Captioned web images:

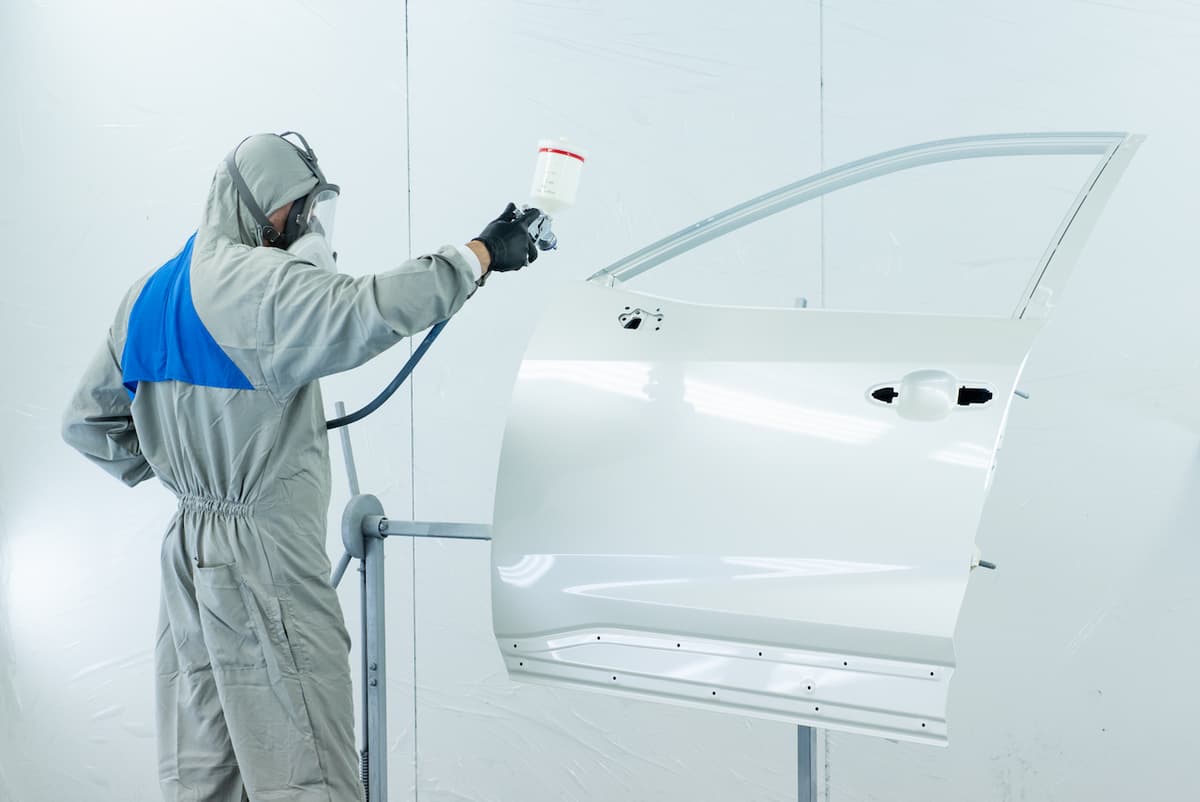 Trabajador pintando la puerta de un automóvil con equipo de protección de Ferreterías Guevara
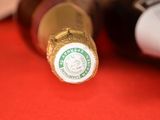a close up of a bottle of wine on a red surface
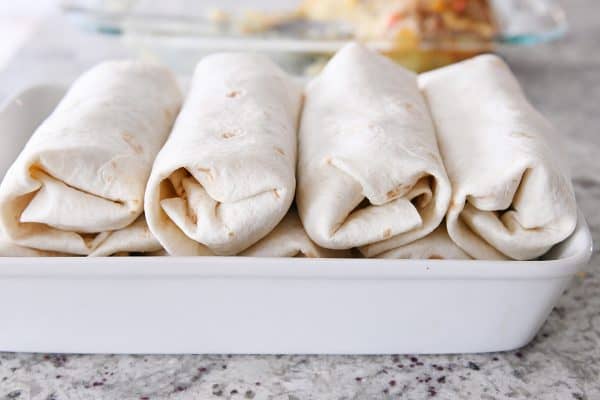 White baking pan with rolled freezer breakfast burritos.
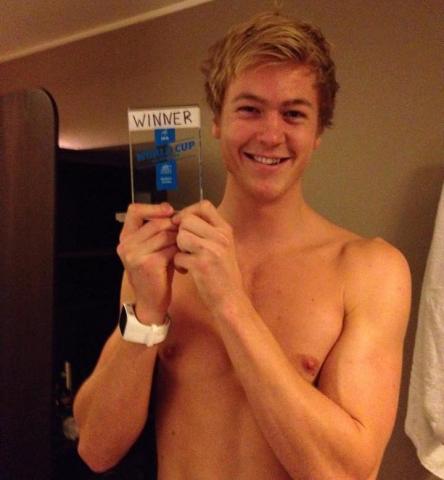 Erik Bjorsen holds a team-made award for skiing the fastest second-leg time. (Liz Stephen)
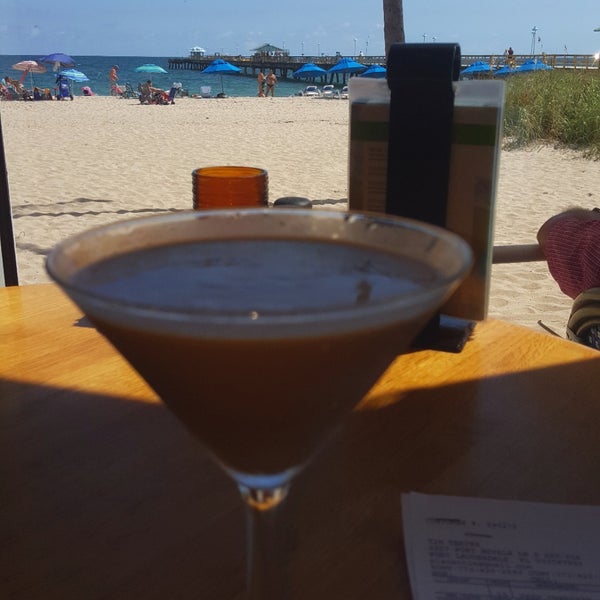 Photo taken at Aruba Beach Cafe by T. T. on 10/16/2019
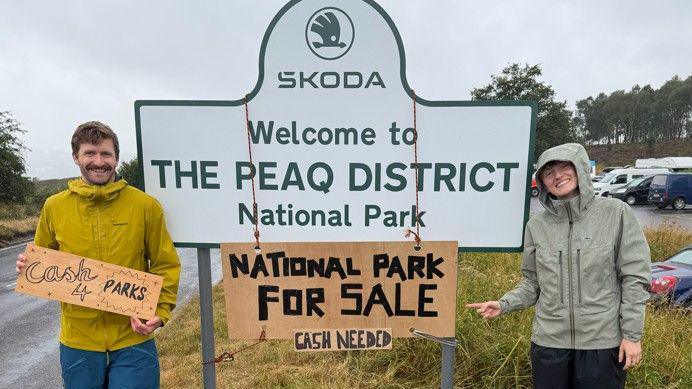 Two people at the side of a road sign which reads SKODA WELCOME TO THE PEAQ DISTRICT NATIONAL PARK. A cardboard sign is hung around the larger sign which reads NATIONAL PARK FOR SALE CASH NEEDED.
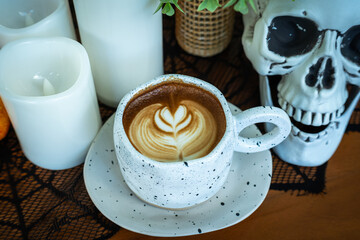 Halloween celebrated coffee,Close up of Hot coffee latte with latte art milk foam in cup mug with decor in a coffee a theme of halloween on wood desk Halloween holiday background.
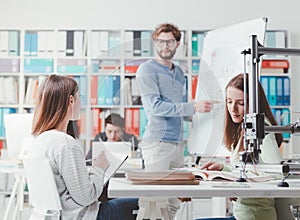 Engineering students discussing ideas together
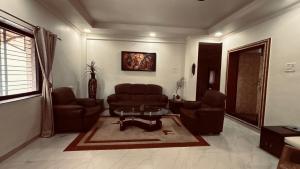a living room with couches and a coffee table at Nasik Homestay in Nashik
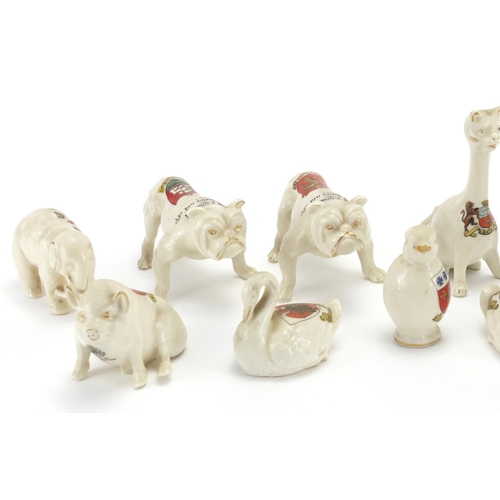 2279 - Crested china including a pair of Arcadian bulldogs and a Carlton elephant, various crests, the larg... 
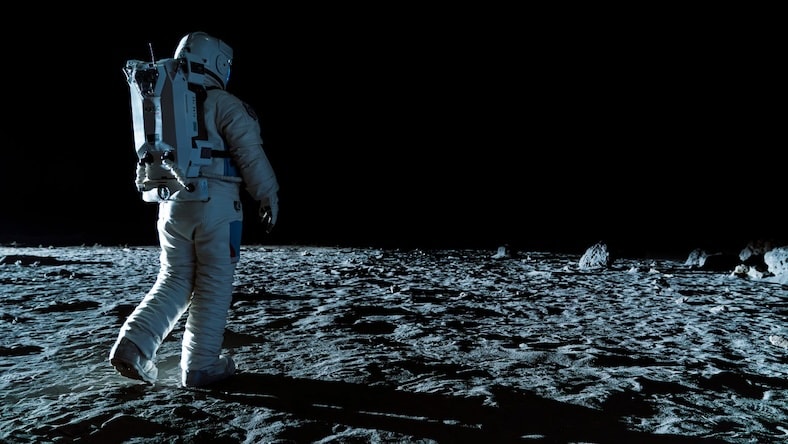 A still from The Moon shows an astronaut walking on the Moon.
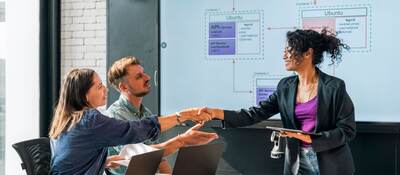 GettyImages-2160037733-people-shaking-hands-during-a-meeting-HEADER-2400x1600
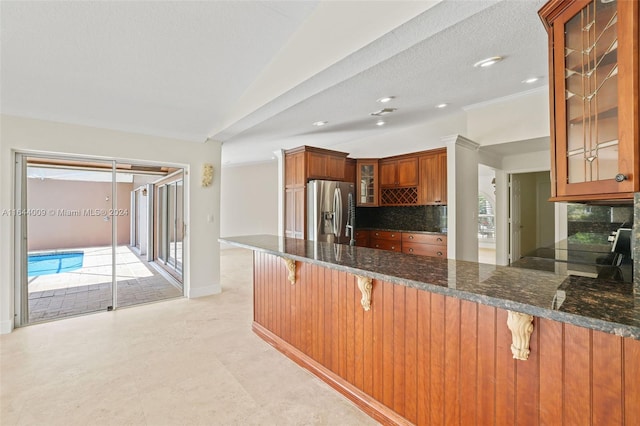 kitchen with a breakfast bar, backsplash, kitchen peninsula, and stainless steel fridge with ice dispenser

| TASK GOAL |
Transcribe every record exactly and omit each image.

| COMPLETED EXERCISE |
 Trabajador pintando la puerta de un automóvil con equipo de protección de Ferreterías Guevara
a close up of a bottle of wine on a red surface
 White baking pan with rolled freezer breakfast burritos.
 Erik Bjorsen holds a team-made award for skiing the fastest second-leg time. (Liz Stephen)
 Photo taken at Aruba Beach Cafe by T. T. on 10/16/2019
 Two people at the side of a road sign which reads SKODA WELCOME TO THE PEAQ DISTRICT NATIONAL PARK. A cardboard sign is hung around the larger sign which reads NATIONAL PARK FOR SALE CASH NEEDED.
 Halloween celebrated coffee,Close up of Hot coffee latte with latte art milk foam in cup mug with decor in a coffee a theme of halloween on wood desk Halloween holiday background.
 Engineering students discussing ideas together
a living room with couches and a coffee table at Nasik Homestay in Nashik
 2279 - Crested china including a pair of Arcadian bulldogs and a Carlton elephant, various crests, the larg... 
 A still from The Moon shows an astronaut walking on the Moon.
 GettyImages-2160037733-people-shaking-hands-during-a-meeting-HEADER-2400x1600
 kitchen with a breakfast bar, backsplash, kitchen peninsula, and stainless steel fridge with ice dispenser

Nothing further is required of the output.